The National Security Archive has released a new electronic briefing book on U.S. opposition to the Taiwanese nuclear program in the 1970’s.
As is usual of the Archive’s excellent briefing books, compiled from documents acquired under FOIA and annotated with expert commentary, this new one presents a narrative by William Burr and links to PDFs of about 55 documents on U.S. diplomacy with Taiwan on the nuclear issue.
The documents show that counter-proliferation diplomacy is hard even with friendly states, to say nothing of countries like North Korea or Iran:
Even a dependent ally, such as Taiwan, tried hard to resist U.S. pressures to abandon suspect nuclear activities and kept Washington guessing whether it had really given them up.

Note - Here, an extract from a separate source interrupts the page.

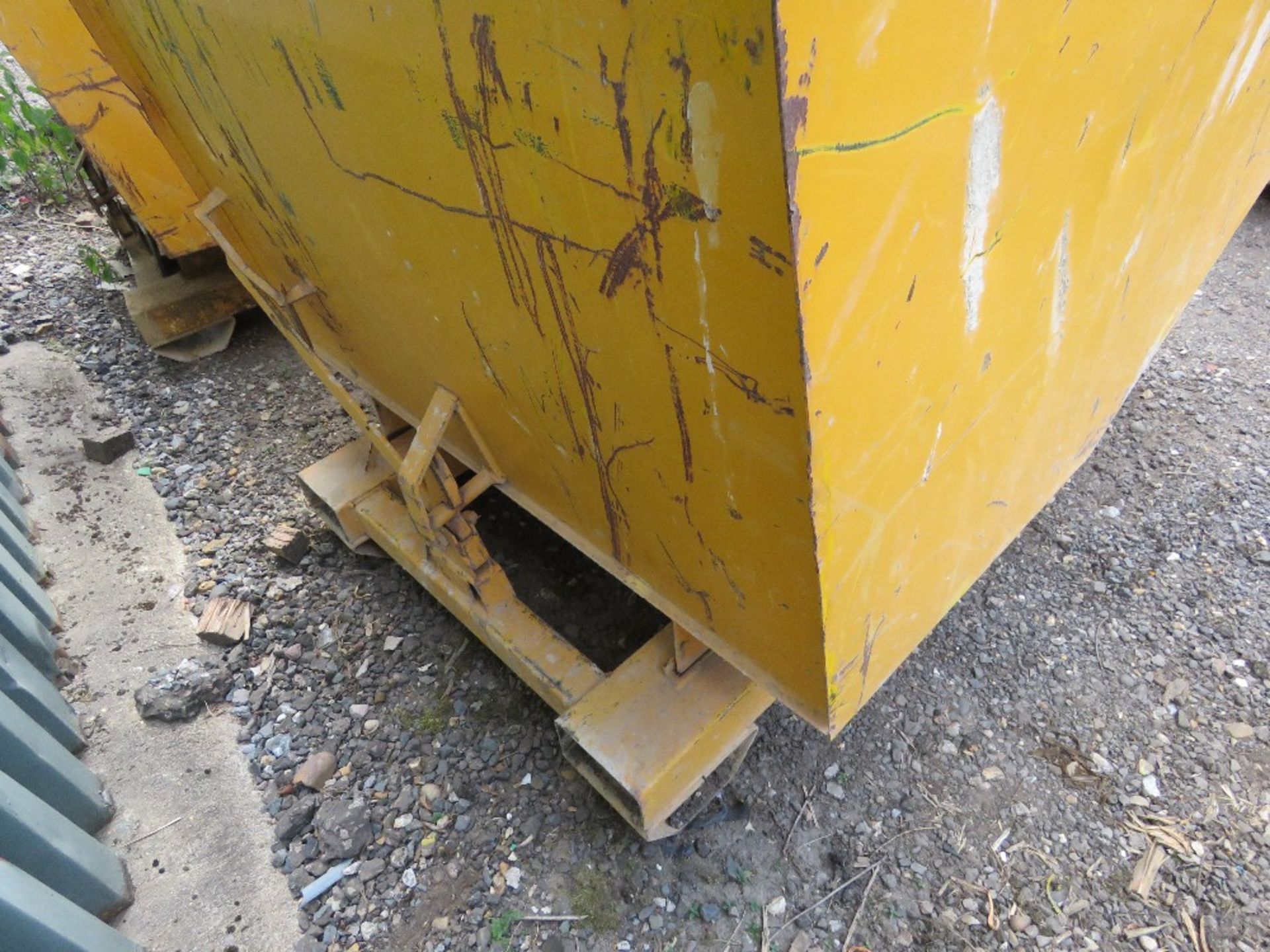 FORKLIFT MOUNTED TIPPING SKIP. THIS LOT IS SOLD UNDER THE AUCTIONEERS MARGIN SCHEME, THEREFORE NO - Image 2 of 3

The briefing book is part of a new Nuclear Vault section of the National Security Archive’s website. It’s pretty spiffy with all the nuclear-related briefing books organized by state and topic area.
The question is:
Is there any reason to believe that Taipei has truly halted nuclear weapons activities permanently.
In particular, in the last few years has there been renewed activity aimed at acquiring a range of WMDs, nuclear or otherwise?
There are evidence to suggest that such activities have resumed with the explosion of availability of technical expertise, materials, components, etc. on the ‘open’ market.
The intent of Taipei to acquire a trump card against the possibility of betrayal by friends or attack by enemies is indisputable.
This is a situation that warrants watching closely.